Records excerpted from a collection:
——————

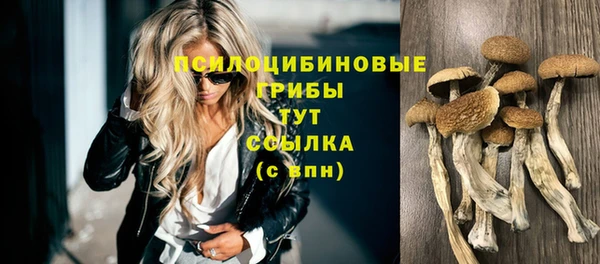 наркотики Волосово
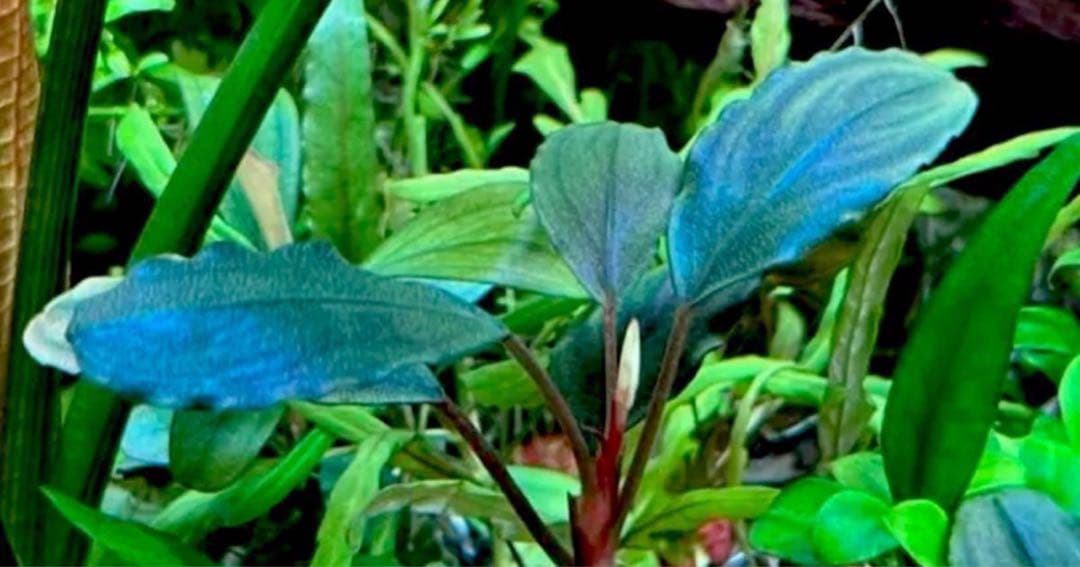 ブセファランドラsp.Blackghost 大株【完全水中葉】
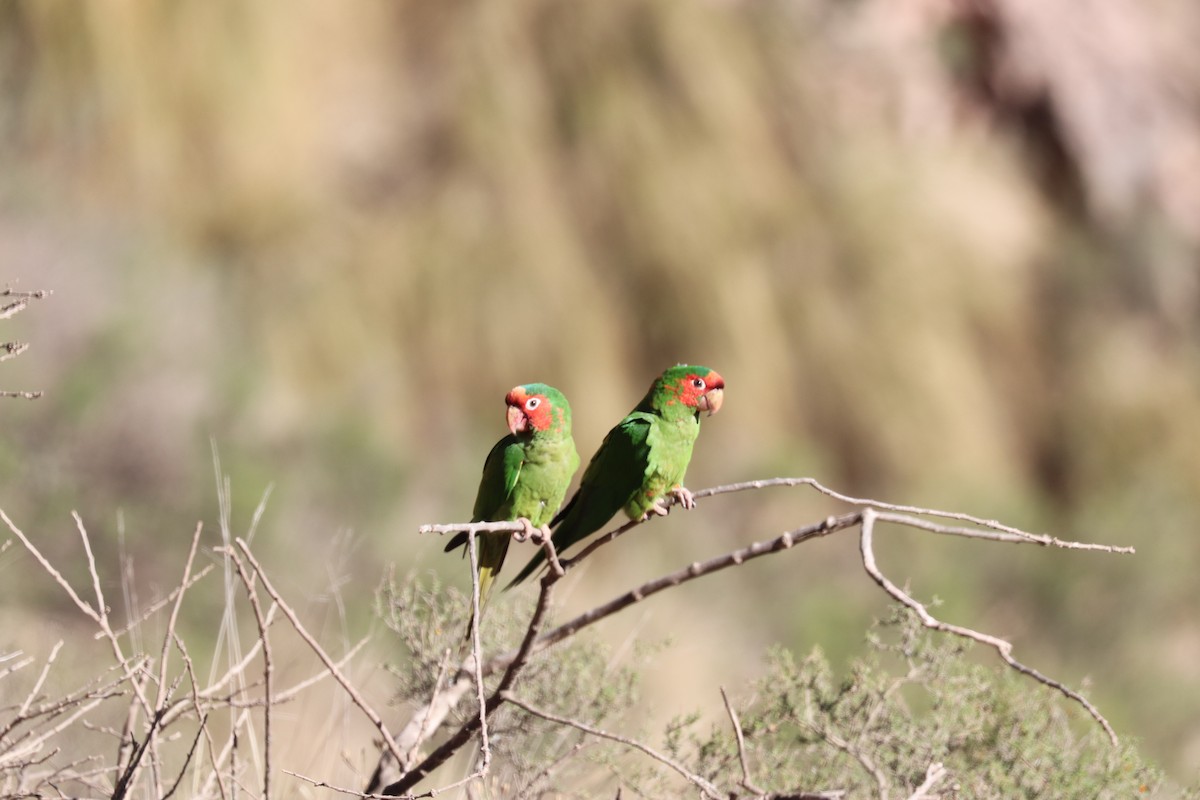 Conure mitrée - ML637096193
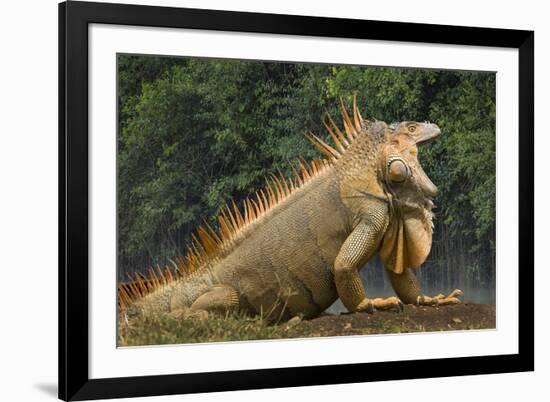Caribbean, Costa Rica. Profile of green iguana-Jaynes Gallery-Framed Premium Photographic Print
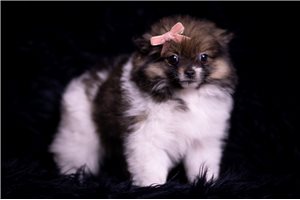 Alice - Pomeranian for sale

——————

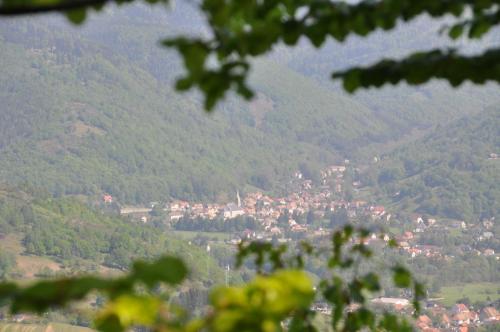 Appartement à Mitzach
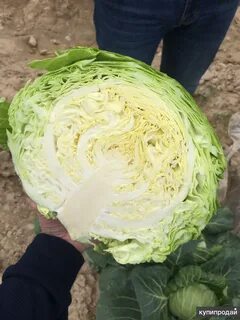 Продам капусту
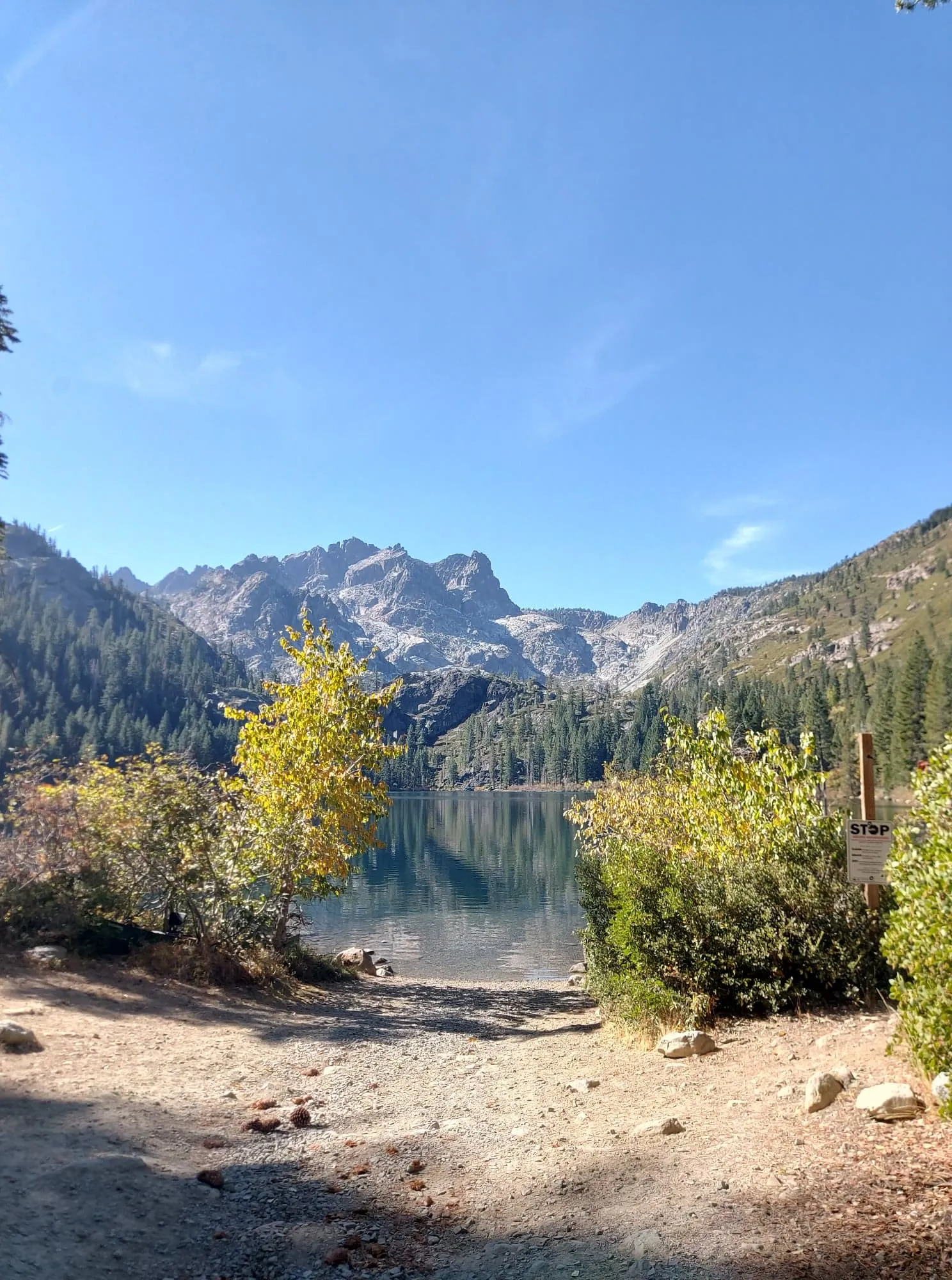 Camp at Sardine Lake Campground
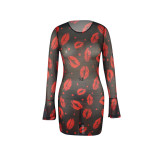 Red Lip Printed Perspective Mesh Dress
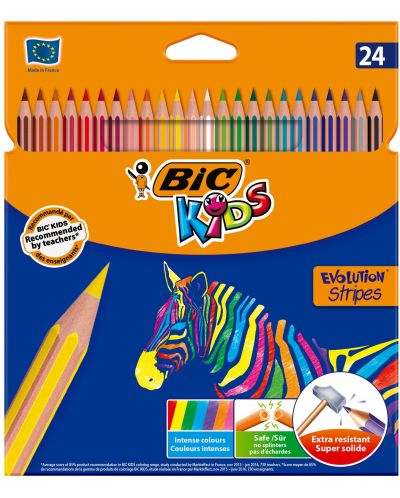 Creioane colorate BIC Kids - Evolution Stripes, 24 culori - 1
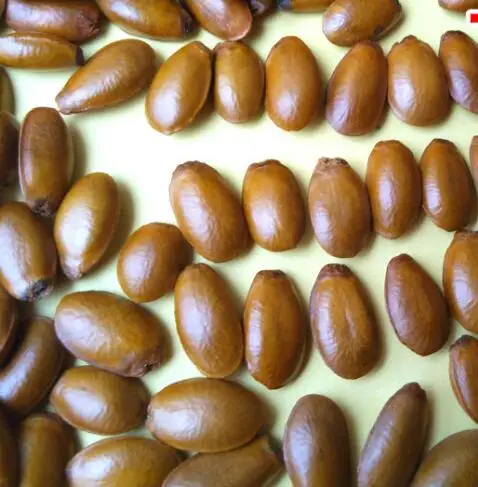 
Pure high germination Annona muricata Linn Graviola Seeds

——————

**Your assignment**
Write out exactly the lines above between the one with "Caribbean, Costa Rica." and the one with "Alice - Pomeranian for sale", inclusive, with pictures left out.

**Answer to the problem**
Caribbean, Costa Rica. Profile of green iguana-Jaynes Gallery-Framed Premium Photographic Print
 Alice - Pomeranian for sale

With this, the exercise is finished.